- Assignment
After locating the line with "Glass Carafe - Blue, Murano Glass" below, output it and each following line exactly, stopping after the line with "Rhinocorne SV - 122/147". No pictures.

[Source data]

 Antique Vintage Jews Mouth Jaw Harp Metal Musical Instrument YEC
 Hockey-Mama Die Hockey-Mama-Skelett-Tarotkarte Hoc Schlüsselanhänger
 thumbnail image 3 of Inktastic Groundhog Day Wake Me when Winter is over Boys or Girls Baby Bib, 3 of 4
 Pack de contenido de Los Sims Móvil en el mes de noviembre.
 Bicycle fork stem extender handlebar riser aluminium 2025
---
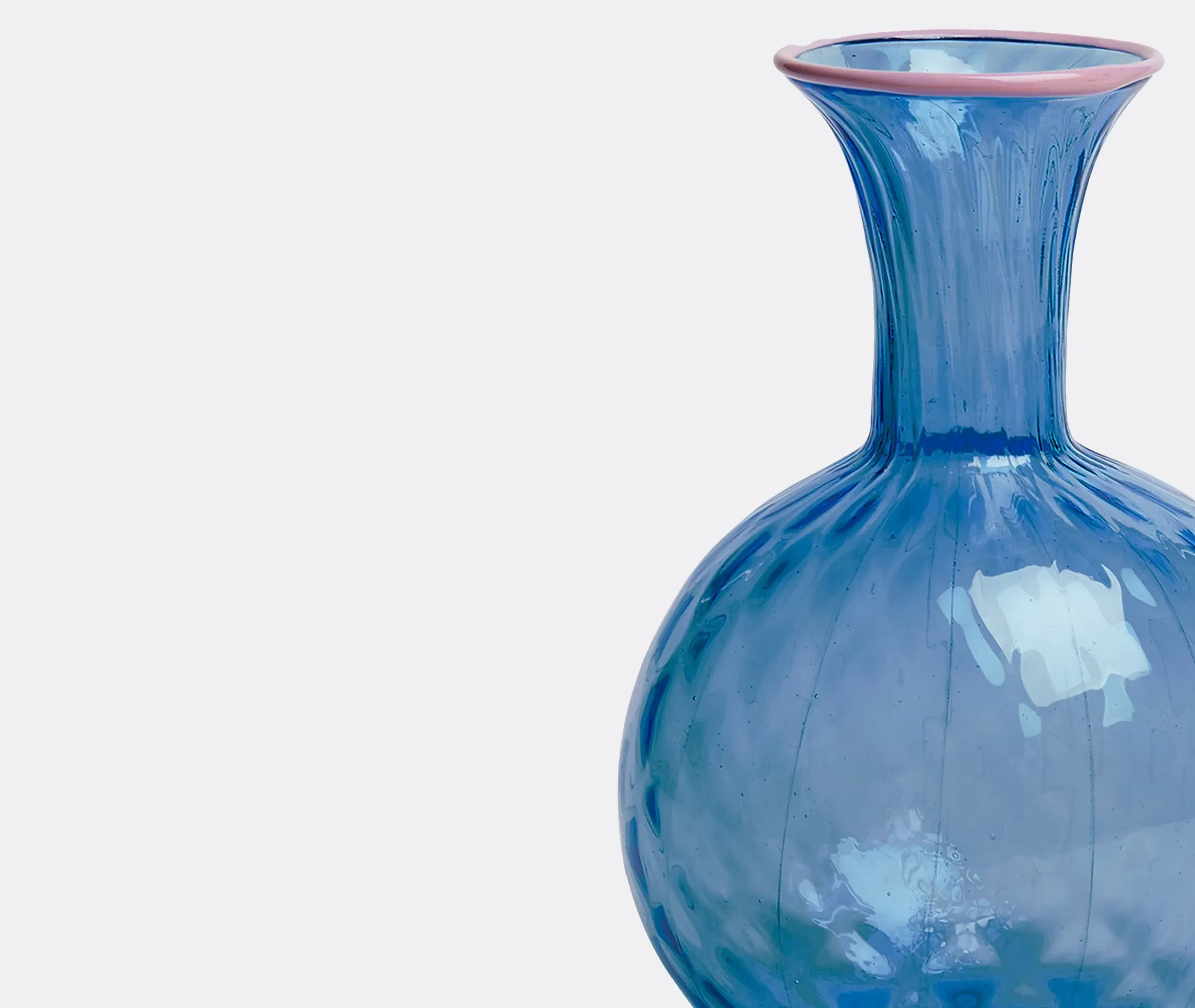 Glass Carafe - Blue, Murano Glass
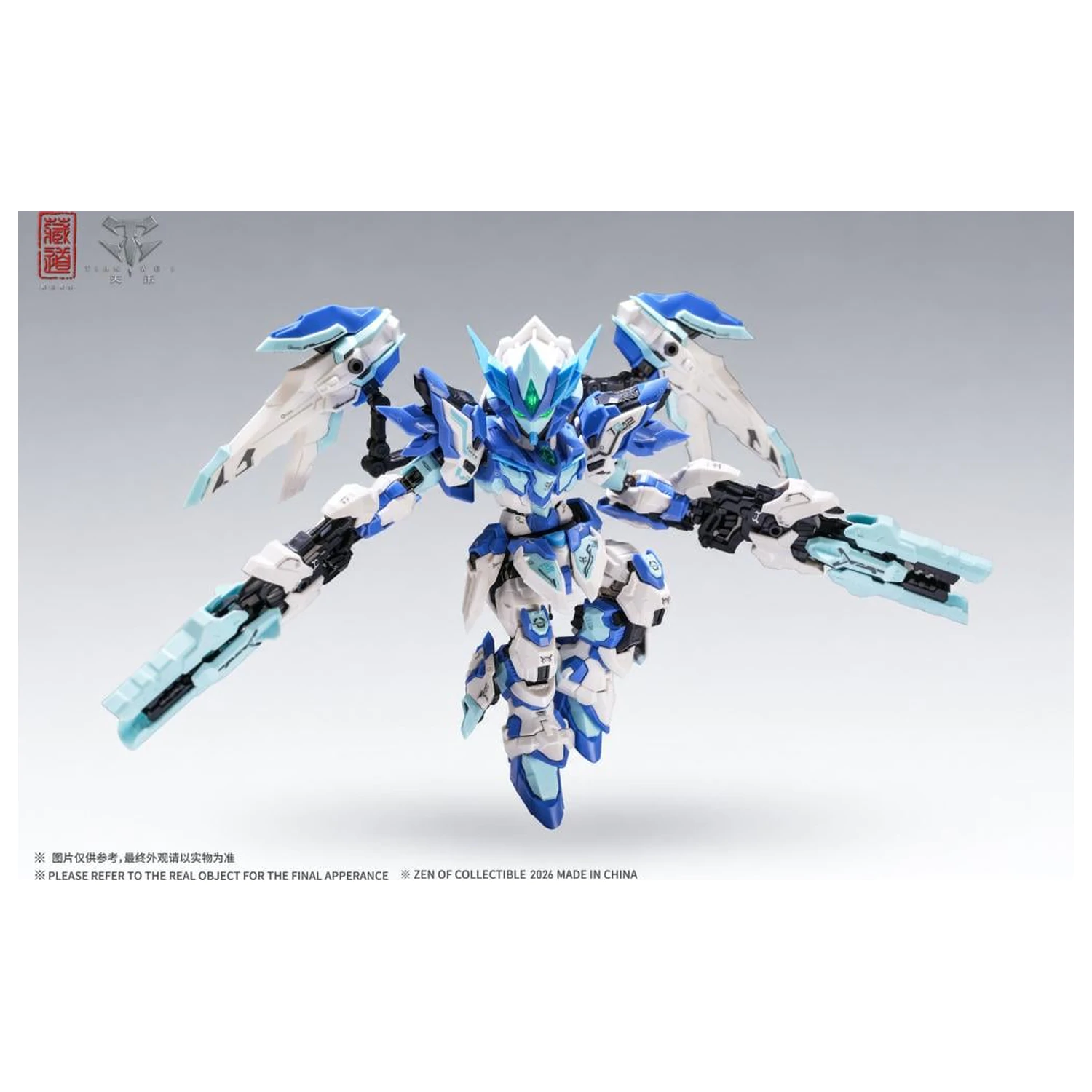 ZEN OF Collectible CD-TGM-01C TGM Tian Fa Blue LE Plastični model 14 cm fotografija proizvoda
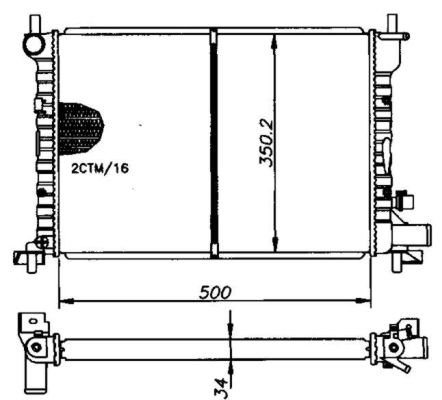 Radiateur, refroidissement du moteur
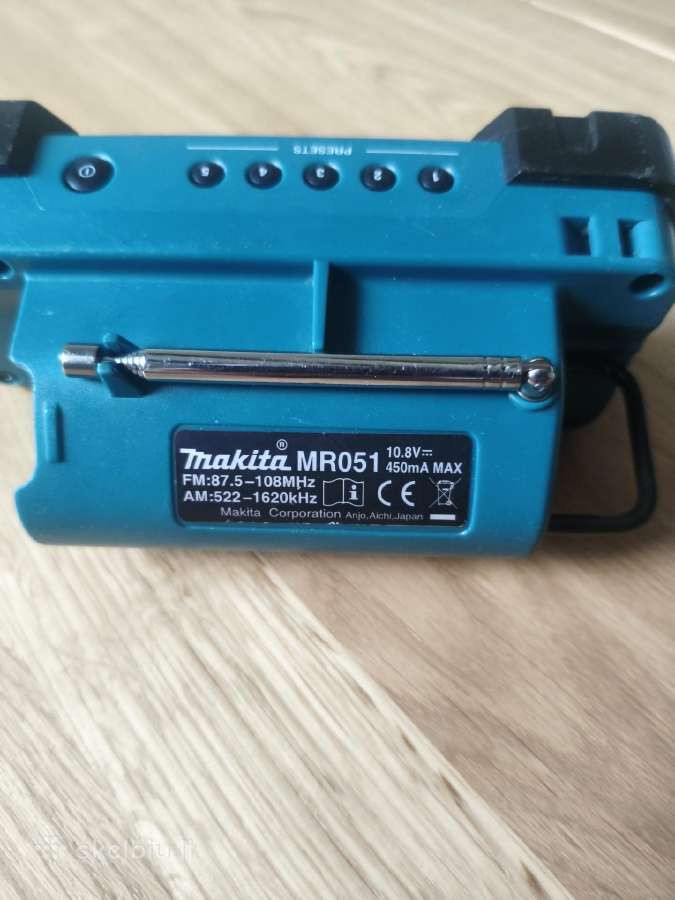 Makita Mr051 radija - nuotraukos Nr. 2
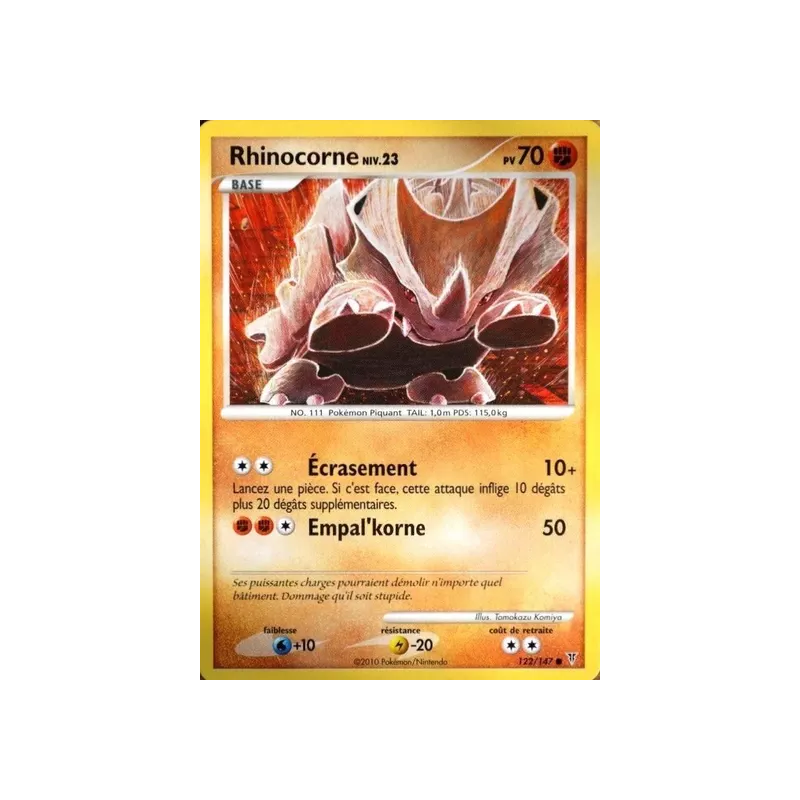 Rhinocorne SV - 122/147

- Exercise result
 Glass Carafe - Blue, Murano Glass
 ZEN OF Collectible CD-TGM-01C TGM Tian Fa Blue LE Plastični model 14 cm fotografija proizvoda
 Radiateur, refroidissement du moteur
 Makita Mr051 radija - nuotraukos Nr. 2
 Rhinocorne SV - 122/147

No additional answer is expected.